Owned and operated by the Town of Hempstead, the park serves as a memorial to New York State Senator Edward J. Speno, who lived in East Meadow at the time of his death in 1971.

== History ==

What is now Speno Park had been used throughout the early and mid-20th century as a sand mine. This 38 acre mine had closed in the early 1960s, after controversies between it and the Town of Hempstead resulted in the United States Supreme Court ruling against the mine in the 1962 case, Goldblatt v. Town of Hempstead. The Town of Hempstead then acquired the southern 18 acre of the former mine through eminent domain in 1963, for conversion into the park and for drainage purposes, while the remaining 20 acre to its north were acquired by Nassau County, which turned the mine's lake into a stormwater retention pond, which would later also serve as the site of the East Meadow Bird Sanctuary.
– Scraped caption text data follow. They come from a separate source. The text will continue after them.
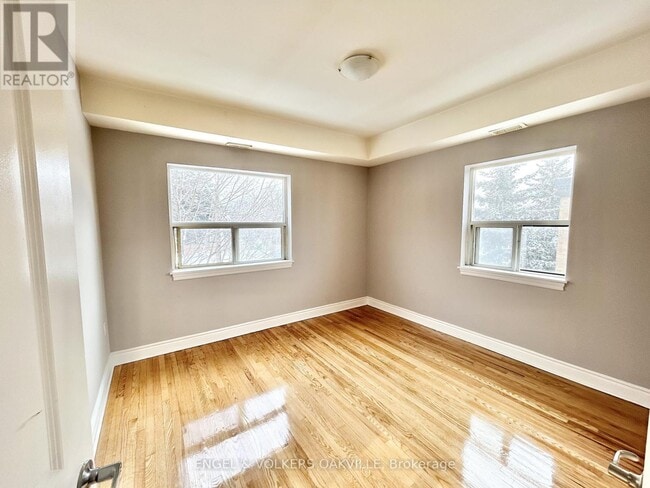 Photo du bâtiment - 100 Twenty Fifth St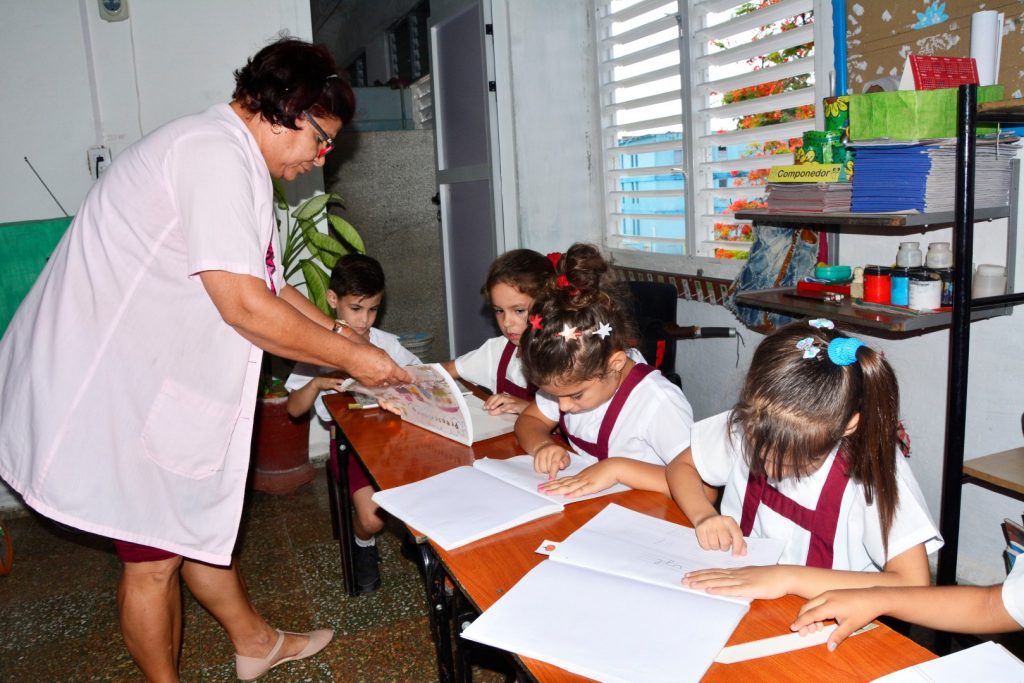 La pedagoga con más de 30 años de labor siente verdadero amor por los niños.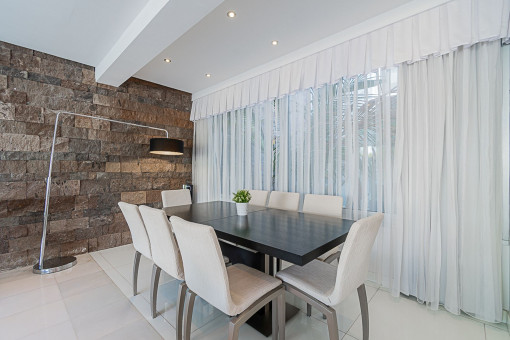 Dining area with nbatural stone wall 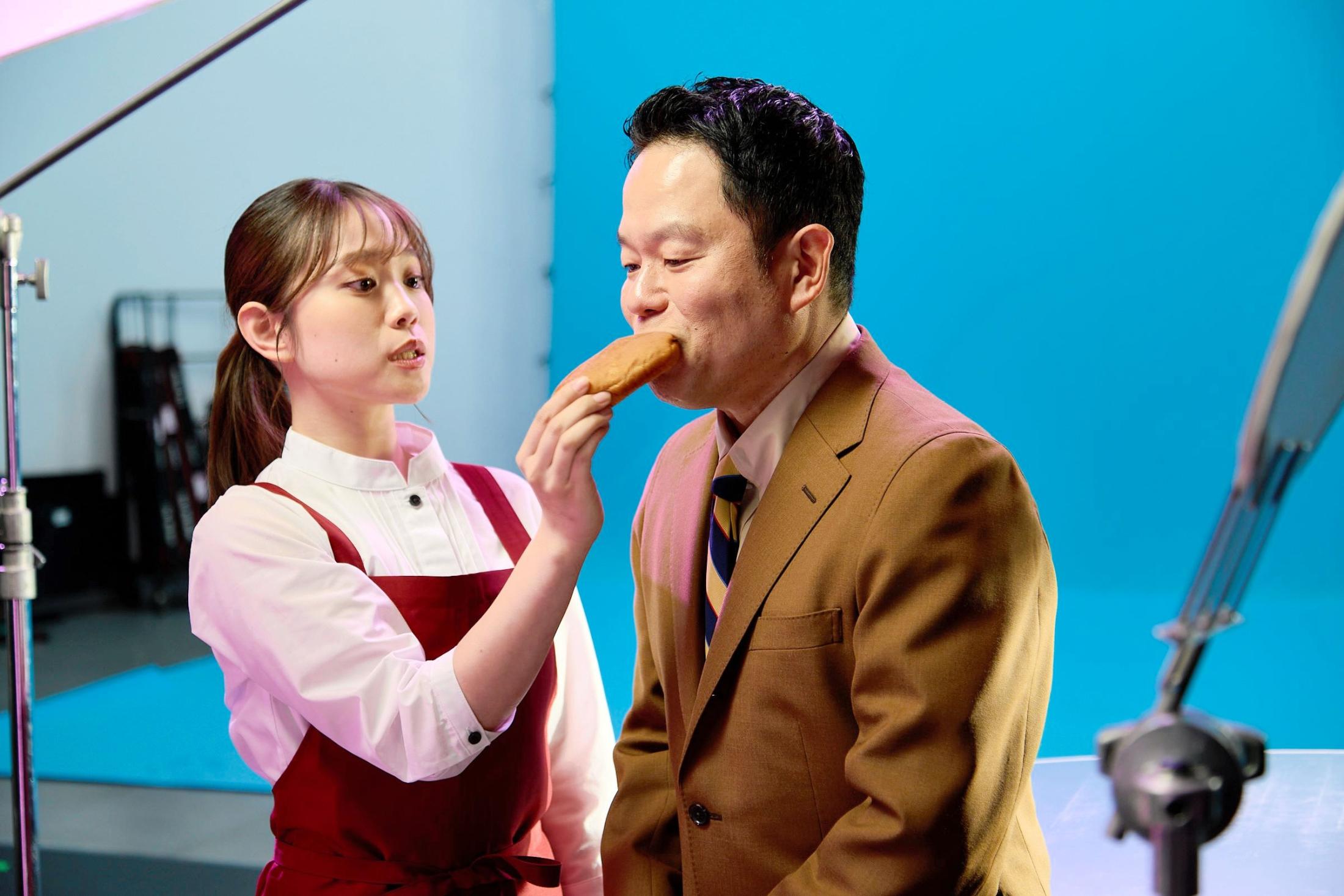名探偵津田」コンビ、ついにCM共演までたどりつく…津田＆マドンナ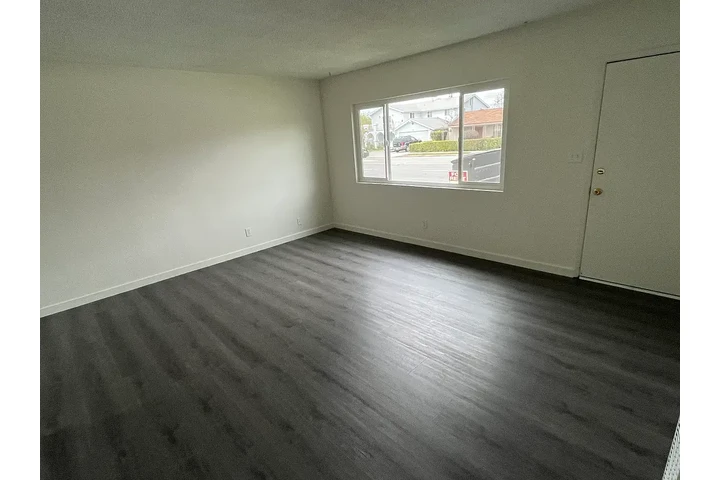 $1200 : Downey Renta Listo image 4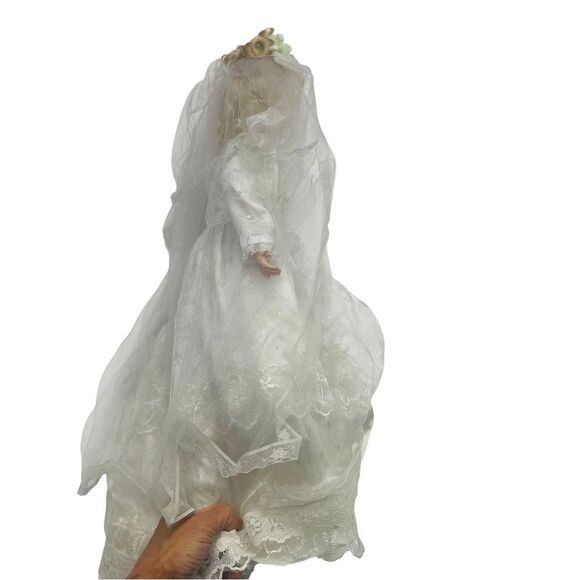 Bride Porcelain Doll - Picture 6 of 9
In October 1971, groundbreaking on the new park began, with Speno's widow, Audrey, among the more than 100 guests and public officials at the ceremony. Temporary park facilities opened to the public in 1977 and 1978, while the permanent facilities and remainder of the park were constructed.

In 1984, additional construction work was announced in order to rectify drainage issues at some of the new facilities, raising construction costs. Construction of the park was completed in October 1989 after 12 years of planning, and it was formally opened on October 21 of that year – although the facility had been opened to the public prior.